Top of Data excerpts

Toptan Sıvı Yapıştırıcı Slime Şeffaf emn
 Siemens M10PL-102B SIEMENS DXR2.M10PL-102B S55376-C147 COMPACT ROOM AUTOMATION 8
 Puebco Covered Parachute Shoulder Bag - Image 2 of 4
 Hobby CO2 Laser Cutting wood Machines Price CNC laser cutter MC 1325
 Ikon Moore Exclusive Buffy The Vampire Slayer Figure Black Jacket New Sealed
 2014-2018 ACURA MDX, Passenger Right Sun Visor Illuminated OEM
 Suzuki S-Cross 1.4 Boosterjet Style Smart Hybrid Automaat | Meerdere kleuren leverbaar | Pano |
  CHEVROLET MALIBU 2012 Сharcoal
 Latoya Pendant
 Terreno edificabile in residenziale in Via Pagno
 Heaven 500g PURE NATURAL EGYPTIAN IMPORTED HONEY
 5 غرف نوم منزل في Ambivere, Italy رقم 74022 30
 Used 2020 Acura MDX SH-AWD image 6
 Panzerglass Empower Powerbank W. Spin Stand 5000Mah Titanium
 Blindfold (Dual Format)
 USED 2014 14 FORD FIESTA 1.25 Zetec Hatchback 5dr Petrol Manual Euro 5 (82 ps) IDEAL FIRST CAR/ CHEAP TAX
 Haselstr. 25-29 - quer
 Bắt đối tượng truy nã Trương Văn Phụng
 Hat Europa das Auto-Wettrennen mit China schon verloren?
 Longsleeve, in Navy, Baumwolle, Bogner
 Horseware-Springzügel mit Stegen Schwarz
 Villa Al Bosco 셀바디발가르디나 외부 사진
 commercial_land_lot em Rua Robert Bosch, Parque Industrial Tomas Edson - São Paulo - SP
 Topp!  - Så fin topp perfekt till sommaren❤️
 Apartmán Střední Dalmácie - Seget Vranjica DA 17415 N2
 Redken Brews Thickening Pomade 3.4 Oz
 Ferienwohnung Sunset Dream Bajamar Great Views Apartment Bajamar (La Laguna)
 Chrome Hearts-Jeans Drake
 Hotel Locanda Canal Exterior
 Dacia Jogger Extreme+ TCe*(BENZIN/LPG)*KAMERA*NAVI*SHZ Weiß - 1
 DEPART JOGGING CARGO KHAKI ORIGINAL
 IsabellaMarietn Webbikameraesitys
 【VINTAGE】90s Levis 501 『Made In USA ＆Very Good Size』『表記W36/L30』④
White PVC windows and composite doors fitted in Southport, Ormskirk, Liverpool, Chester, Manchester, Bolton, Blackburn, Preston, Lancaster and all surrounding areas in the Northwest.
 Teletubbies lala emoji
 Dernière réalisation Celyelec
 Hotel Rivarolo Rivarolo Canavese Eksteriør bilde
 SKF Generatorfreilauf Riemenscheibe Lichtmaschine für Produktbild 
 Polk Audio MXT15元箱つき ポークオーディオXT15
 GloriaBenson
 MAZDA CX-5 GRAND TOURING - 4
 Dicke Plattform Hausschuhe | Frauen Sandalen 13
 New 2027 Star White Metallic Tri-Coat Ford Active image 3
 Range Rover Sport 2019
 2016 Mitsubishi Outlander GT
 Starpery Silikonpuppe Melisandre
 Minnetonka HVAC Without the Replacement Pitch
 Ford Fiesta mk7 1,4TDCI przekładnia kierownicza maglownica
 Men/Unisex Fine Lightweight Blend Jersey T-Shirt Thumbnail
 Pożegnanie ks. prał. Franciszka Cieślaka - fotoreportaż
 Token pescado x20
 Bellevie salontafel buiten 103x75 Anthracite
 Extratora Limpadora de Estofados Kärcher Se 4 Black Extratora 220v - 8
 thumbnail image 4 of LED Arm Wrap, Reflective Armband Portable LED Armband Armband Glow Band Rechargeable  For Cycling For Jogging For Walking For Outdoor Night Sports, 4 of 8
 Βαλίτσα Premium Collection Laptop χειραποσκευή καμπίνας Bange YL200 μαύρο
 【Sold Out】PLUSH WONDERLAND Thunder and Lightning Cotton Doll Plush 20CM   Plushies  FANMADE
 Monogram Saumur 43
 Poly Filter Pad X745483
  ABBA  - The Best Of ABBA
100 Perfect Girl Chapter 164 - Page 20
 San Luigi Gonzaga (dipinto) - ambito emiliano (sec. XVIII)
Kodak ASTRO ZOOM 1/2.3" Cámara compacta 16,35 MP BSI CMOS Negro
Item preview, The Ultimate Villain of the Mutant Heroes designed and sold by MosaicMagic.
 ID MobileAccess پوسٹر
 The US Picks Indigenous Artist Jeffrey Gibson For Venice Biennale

Bottom of Data excerpts

Brief
Return only those lines that run from the one containing "Dernière réalisation Celyelec" through the end of the entries, keeping each exactly as written.

Worked solution
 Dernière réalisation Celyelec
 Hotel Rivarolo Rivarolo Canavese Eksteriør bilde
 SKF Generatorfreilauf Riemenscheibe Lichtmaschine für Produktbild 
 Polk Audio MXT15元箱つき ポークオーディオXT15
 GloriaBenson
 MAZDA CX-5 GRAND TOURING - 4
 Dicke Plattform Hausschuhe | Frauen Sandalen 13
 New 2027 Star White Metallic Tri-Coat Ford Active image 3
 Range Rover Sport 2019
 2016 Mitsubishi Outlander GT
 Starpery Silikonpuppe Melisandre
 Minnetonka HVAC Without the Replacement Pitch
 Ford Fiesta mk7 1,4TDCI przekładnia kierownicza maglownica
 Men/Unisex Fine Lightweight Blend Jersey T-Shirt Thumbnail
 Pożegnanie ks. prał. Franciszka Cieślaka - fotoreportaż
 Token pescado x20
 Bellevie salontafel buiten 103x75 Anthracite
 Extratora Limpadora de Estofados Kärcher Se 4 Black Extratora 220v - 8
 thumbnail image 4 of LED Arm Wrap, Reflective Armband Portable LED Armband Armband Glow Band Rechargeable  For Cycling For Jogging For Walking For Outdoor Night Sports, 4 of 8
 Βαλίτσα Premium Collection Laptop χειραποσκευή καμπίνας Bange YL200 μαύρο
 【Sold Out】PLUSH WONDERLAND Thunder and Lightning Cotton Doll Plush 20CM   Plushies  FANMADE
 Monogram Saumur 43
 Poly Filter Pad X745483
  ABBA  - The Best Of ABBA
100 Perfect Girl Chapter 164 - Page 20
 San Luigi Gonzaga (dipinto) - ambito emiliano (sec. XVIII)
Kodak ASTRO ZOOM 1/2.3" Cámara compacta 16,35 MP BSI CMOS Negro
Item preview, The Ultimate Villain of the Mutant Heroes designed and sold by MosaicMagic.
 ID MobileAccess پوسٹر
 The US Picks Indigenous Artist Jeffrey Gibson For Venice Biennale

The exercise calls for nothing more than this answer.